Data provided: Begin
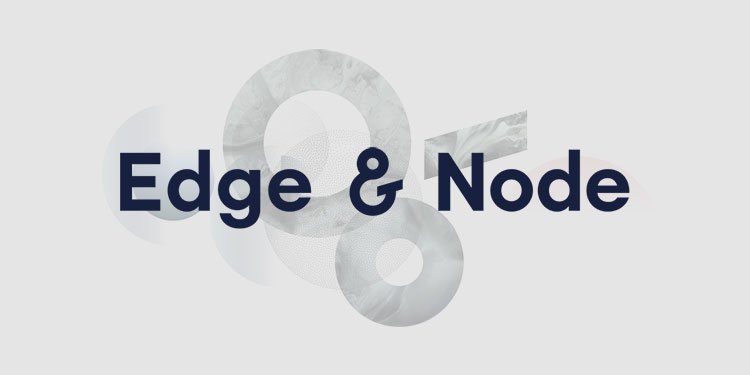 Kiến trúc của Web3: Blockchain-Edge-Client (BEC)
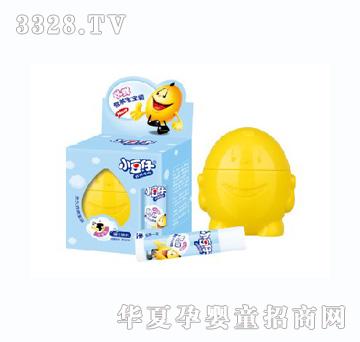 С���РI�B����˪�ػ��b���ʹ���һ֧��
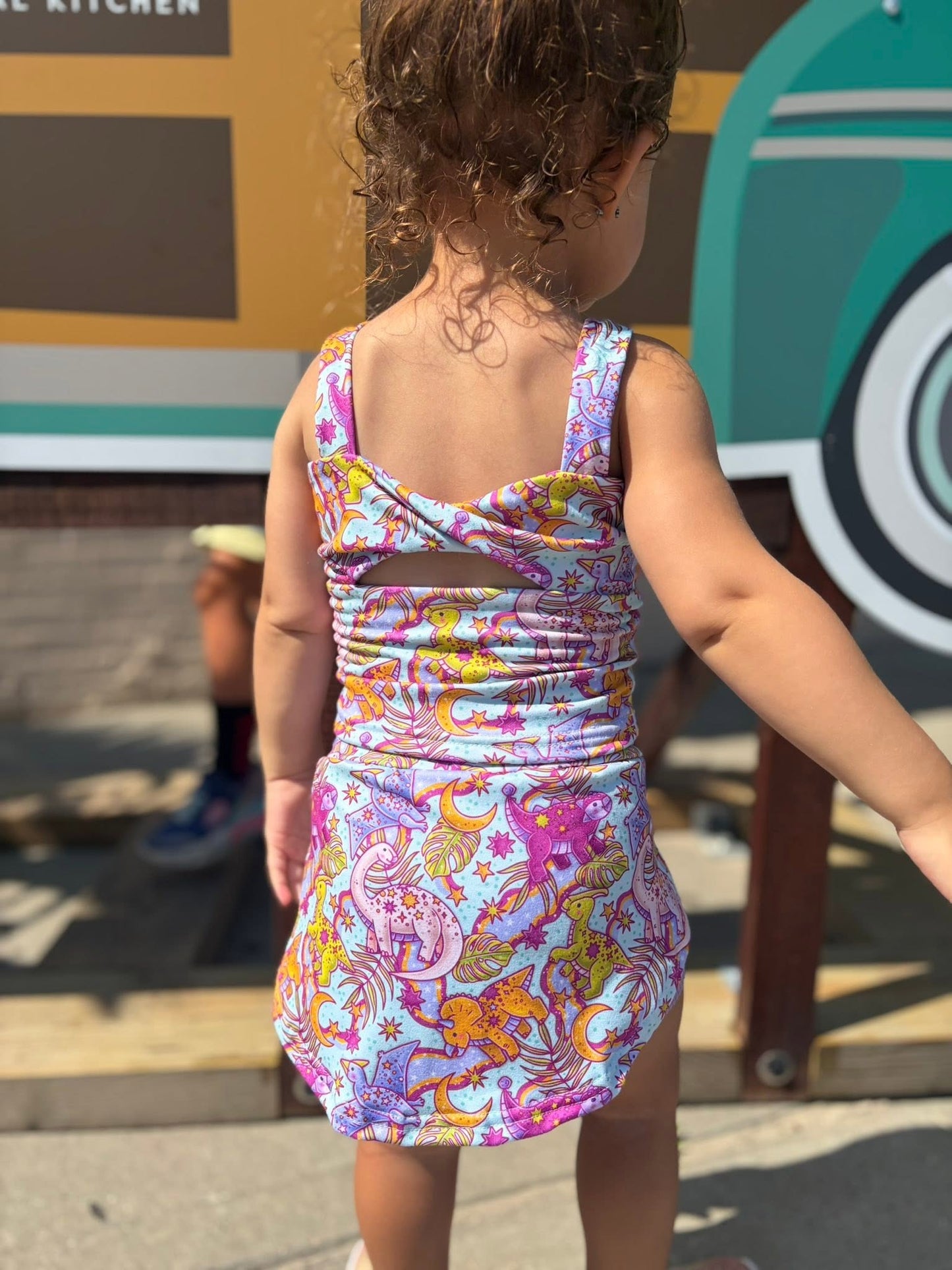 Baby Maci Set PDF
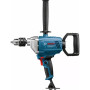 Дриль безударний мережевий Bosch GBM 1600 RE (06011B0000)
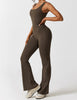 Aizza™ Flaunt With Confidence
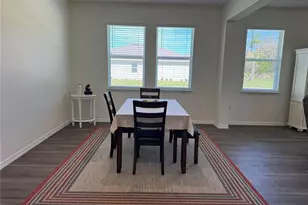 3321 Arch Ave, Ormond Beach, FL 32174 - Photo 12
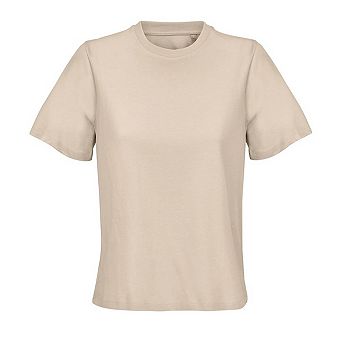 SOLS Womens/Ladies Legend T-Shirt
Data provided: End
Your objective:
Starting at the line that contains "3321 Arch Ave, Ormond", reproduce each line exactly through the end of the entries above, leaving every picture out.

Your response:
 3321 Arch Ave, Ormond Beach, FL 32174 - Photo 12
 SOLS Womens/Ladies Legend T-Shirt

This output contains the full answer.